I first met Penner Foods when I was a wee pants schieter, my legs kicking in the child seat of the cold medal grocery cart, my hands never as firmly gripped to the red handle as my mother would have preferred. I was, as Armin Wiebe would say “heista kopp” in love with Penner Foods.
I remember the rapple chap aisle. Old Dutch as far as the eye could see. Then row after row of bologna and luncheon meat with the macaroni embedded inside. Of course, you had to get it hand-cut and weighed and wrapped in pink butcher paper. We could get formaworcht, too, if it was a Saturday after my Dad got paid. And a free cookie at the bakery. Sometimes we’d even drop off a roll of film to be developed. After three or four hours of shopping and Low German conversation that I struggled to understand, we’d gather up our groceries and head for the checkout line, where a betrothed teenager would type each and every price by hand and another teenager, her fiancé, would bag our groceries. Paper bags, of course.

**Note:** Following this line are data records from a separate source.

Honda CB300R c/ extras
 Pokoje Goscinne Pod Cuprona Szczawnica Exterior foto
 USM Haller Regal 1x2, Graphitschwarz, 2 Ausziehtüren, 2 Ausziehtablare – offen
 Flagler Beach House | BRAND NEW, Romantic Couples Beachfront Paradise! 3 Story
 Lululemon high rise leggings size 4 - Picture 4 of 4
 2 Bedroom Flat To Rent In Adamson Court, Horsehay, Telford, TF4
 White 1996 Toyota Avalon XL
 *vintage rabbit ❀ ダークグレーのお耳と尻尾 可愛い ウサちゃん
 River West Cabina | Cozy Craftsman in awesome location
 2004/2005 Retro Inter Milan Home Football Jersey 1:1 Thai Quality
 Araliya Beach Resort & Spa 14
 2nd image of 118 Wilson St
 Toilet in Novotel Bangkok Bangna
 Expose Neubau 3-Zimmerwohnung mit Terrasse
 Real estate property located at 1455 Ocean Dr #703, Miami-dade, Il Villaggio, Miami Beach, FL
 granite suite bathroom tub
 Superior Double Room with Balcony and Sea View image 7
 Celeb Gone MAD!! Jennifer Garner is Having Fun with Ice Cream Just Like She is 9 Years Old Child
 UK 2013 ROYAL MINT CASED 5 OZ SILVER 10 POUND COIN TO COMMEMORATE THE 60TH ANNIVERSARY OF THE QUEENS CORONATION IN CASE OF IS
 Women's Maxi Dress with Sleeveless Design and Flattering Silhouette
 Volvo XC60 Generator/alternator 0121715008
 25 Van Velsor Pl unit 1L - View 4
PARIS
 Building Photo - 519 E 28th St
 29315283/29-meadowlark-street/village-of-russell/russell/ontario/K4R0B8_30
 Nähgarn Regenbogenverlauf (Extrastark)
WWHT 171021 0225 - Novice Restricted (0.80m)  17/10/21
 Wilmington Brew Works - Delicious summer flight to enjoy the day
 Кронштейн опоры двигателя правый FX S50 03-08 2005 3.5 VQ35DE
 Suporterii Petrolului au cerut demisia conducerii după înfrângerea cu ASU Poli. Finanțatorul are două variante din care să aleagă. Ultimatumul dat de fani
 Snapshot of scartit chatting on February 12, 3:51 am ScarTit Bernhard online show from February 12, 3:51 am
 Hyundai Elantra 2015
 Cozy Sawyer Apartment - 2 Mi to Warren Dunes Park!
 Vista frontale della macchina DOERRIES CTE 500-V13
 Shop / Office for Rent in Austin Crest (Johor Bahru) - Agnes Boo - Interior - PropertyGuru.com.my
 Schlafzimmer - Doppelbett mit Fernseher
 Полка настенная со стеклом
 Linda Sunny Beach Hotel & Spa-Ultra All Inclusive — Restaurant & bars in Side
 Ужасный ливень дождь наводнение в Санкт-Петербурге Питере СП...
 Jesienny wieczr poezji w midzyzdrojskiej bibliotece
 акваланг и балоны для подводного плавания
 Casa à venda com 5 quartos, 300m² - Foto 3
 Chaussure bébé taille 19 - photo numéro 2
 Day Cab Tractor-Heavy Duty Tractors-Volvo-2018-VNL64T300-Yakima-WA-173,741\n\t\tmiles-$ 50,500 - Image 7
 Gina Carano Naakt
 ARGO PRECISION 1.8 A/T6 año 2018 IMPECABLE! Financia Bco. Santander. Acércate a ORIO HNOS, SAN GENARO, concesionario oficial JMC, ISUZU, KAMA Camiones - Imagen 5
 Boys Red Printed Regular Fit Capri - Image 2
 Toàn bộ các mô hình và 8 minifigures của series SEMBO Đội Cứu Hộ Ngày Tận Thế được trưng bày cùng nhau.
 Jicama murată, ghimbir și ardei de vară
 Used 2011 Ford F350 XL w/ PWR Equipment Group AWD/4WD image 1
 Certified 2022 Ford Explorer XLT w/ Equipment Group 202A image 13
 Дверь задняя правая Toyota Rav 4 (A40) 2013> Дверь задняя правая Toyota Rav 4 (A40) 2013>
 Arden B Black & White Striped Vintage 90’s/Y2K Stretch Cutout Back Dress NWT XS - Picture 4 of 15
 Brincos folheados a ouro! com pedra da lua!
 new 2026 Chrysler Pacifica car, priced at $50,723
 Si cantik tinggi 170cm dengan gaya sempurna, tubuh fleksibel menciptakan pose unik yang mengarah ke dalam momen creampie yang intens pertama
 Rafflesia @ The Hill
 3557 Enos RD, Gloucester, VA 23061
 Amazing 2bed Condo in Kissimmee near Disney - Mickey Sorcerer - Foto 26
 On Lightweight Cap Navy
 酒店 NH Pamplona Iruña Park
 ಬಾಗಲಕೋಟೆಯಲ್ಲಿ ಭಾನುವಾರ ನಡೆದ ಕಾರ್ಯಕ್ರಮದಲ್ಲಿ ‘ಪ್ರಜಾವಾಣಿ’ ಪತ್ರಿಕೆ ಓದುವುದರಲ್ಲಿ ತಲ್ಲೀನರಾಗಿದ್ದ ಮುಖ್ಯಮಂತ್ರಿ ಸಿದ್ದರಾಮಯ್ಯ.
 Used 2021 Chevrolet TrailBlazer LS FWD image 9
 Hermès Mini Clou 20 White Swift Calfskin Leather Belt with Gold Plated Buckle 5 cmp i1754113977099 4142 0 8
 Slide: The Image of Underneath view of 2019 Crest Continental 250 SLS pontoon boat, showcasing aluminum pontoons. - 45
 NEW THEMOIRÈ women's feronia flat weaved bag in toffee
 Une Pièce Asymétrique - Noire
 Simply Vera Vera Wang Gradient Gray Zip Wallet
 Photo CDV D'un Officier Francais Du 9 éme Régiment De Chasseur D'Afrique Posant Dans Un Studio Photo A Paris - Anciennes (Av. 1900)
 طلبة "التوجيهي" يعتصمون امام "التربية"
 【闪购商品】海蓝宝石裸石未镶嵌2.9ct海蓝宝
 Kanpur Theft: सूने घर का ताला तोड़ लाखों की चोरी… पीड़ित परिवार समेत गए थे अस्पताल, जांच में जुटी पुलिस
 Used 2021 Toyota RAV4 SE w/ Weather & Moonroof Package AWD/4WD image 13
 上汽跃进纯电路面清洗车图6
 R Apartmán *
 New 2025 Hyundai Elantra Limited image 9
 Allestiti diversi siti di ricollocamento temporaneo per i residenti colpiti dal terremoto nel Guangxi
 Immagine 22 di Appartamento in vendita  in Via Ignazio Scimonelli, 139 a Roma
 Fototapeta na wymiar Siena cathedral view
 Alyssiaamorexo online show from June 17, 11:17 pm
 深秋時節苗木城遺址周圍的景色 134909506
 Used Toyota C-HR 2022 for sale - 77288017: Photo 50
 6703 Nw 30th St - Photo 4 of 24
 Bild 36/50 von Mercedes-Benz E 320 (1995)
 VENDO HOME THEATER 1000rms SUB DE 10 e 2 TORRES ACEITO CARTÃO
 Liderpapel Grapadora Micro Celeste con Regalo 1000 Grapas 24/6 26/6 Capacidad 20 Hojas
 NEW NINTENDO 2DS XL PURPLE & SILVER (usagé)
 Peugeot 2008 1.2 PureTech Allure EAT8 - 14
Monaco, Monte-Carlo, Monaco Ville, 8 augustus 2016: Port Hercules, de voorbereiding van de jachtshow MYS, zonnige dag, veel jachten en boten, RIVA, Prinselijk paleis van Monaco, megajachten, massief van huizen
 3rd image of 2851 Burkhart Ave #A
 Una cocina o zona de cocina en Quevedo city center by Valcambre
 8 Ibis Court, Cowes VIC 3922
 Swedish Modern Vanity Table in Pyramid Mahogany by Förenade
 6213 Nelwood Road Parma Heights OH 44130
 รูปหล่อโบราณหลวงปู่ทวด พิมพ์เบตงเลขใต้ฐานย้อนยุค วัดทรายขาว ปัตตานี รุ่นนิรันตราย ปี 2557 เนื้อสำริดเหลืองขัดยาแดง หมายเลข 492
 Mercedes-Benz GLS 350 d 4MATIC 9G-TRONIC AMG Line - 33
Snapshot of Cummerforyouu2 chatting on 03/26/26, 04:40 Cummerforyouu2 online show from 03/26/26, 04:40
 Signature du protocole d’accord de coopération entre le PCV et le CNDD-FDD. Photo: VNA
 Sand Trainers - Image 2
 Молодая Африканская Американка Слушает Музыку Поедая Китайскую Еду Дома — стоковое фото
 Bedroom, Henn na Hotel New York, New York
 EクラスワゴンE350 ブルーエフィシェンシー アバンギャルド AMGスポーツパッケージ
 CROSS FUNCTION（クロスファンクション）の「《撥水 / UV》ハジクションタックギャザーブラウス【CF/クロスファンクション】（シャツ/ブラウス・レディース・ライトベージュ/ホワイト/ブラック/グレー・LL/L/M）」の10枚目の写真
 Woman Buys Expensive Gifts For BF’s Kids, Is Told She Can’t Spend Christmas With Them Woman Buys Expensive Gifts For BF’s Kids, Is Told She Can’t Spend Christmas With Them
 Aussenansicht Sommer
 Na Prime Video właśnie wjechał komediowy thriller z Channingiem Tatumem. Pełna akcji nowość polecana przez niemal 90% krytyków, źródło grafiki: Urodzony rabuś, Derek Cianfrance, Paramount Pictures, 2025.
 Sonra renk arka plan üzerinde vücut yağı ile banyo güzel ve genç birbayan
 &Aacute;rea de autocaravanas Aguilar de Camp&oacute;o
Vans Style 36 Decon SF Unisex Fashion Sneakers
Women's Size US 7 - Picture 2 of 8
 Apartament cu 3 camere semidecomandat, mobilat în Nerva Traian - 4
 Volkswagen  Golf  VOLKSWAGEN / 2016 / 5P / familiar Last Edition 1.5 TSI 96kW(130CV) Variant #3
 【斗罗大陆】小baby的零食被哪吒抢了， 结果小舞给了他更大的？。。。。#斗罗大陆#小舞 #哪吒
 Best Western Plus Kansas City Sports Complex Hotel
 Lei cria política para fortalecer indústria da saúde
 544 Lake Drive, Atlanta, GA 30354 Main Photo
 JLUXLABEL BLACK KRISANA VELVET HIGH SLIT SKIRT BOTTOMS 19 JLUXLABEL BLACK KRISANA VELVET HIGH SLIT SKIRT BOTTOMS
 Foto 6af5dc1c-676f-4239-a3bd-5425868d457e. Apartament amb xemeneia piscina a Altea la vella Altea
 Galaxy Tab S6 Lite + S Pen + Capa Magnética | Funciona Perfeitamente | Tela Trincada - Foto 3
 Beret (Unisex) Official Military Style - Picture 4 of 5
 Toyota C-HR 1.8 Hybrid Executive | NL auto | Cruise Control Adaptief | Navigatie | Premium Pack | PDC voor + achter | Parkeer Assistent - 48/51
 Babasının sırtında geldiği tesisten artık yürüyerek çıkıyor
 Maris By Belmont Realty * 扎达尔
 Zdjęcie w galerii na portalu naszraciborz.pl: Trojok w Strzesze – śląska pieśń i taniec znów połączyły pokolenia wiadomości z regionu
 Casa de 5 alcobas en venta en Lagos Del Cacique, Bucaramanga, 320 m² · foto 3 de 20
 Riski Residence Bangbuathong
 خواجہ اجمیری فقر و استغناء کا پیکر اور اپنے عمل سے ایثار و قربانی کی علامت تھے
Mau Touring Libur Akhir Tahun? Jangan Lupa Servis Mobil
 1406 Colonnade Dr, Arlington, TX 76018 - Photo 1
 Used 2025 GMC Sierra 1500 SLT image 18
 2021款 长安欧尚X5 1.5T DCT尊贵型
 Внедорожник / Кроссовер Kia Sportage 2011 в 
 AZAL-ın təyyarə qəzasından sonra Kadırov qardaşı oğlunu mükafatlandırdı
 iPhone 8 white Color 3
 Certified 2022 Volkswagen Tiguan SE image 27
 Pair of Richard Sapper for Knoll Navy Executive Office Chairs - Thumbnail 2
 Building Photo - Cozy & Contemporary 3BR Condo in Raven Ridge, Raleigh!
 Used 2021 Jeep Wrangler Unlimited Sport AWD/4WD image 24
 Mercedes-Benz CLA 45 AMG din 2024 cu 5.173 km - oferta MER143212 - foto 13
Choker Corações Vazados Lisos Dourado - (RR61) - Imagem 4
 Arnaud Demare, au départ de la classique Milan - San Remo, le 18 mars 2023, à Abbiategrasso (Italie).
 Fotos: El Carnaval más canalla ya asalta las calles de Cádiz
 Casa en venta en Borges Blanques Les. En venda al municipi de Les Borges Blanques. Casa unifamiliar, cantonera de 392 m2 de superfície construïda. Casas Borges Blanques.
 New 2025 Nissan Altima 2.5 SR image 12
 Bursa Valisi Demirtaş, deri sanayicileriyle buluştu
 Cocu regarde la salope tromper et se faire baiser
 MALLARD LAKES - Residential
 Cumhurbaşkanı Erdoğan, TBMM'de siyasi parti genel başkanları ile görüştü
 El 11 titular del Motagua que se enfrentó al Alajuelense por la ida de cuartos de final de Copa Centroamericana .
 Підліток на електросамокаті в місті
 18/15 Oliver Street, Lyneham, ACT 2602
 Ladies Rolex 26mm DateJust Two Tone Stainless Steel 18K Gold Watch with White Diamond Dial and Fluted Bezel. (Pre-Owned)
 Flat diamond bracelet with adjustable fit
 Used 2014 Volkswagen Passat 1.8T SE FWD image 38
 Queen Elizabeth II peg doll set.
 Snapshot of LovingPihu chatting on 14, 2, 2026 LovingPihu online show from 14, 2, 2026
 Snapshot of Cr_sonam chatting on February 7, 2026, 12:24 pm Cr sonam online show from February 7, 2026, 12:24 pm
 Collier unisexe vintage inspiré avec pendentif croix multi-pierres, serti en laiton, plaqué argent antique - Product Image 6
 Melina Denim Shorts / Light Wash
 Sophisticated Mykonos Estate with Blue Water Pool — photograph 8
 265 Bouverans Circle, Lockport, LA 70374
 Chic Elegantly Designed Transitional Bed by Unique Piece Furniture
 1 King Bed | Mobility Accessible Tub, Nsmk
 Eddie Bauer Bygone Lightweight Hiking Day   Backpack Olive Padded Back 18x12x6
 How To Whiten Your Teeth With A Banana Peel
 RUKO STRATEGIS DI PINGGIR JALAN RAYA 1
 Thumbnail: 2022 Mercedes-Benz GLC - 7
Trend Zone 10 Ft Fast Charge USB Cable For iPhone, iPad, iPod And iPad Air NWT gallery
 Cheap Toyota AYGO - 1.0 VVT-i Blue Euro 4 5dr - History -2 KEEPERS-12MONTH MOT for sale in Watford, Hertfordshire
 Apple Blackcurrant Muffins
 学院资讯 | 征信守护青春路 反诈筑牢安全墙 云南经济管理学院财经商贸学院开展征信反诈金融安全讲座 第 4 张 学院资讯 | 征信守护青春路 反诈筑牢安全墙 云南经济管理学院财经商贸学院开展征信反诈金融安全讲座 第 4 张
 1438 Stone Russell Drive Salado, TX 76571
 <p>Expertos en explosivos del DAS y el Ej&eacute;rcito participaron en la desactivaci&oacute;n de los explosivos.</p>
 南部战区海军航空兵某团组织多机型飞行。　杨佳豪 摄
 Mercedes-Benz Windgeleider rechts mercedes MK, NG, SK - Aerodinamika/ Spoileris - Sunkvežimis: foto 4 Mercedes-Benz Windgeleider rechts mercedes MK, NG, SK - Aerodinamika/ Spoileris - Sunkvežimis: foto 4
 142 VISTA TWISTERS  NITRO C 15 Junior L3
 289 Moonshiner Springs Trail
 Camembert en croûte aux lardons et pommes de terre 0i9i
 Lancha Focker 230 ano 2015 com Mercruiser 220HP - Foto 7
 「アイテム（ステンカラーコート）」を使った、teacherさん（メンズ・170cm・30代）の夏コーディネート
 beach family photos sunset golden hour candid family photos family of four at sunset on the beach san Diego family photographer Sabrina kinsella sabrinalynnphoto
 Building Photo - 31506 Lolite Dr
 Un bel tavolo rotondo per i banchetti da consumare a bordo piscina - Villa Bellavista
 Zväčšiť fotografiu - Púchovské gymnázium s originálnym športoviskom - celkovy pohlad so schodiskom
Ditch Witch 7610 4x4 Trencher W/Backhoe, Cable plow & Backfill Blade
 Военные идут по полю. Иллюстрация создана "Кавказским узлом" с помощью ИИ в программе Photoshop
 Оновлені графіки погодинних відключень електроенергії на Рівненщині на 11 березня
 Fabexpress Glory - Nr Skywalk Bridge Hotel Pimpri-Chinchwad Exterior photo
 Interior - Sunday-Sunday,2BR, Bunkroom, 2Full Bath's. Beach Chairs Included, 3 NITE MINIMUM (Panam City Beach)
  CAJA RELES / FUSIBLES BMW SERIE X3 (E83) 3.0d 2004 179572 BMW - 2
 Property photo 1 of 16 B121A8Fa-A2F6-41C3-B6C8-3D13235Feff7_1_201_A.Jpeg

Then we’d be given a number on a plastic card, drop off our bags on the conveyor belt, and head for the car. And we’d go directly there and get in the parcel pickup line, unless I could convince Mom for a brief detour at the Clearspring Mall red carpet, which was the main source of entertainment for Steinbach children in those days. Or maybe, if she had some extra change, we could drop a quarter into a large vibrating elephant or airplane and it would shake us around for two minutes and we’d forget all about rolling around on the soft scarlet floor in the middle of the mall. Then we’d go pickup our parcels.
Penner Foods and I have been in love for quite some time, you know, even though Penners has gone through a lot of changes. Wider aisles. New products. They even got rid of the Tom Boy mascot. Penners has had a lot of work done. Then, a while back, she dropped the Penner name altogether.
But, you know, I made a commitment a long time ago. Sure, she’s changed. She’s even calling herself Sobeys now, but she’ll always be Penner Foods to me. And, frankly, I’ve changed too. I can’t fit in the grocery cart child’s seat like I used to.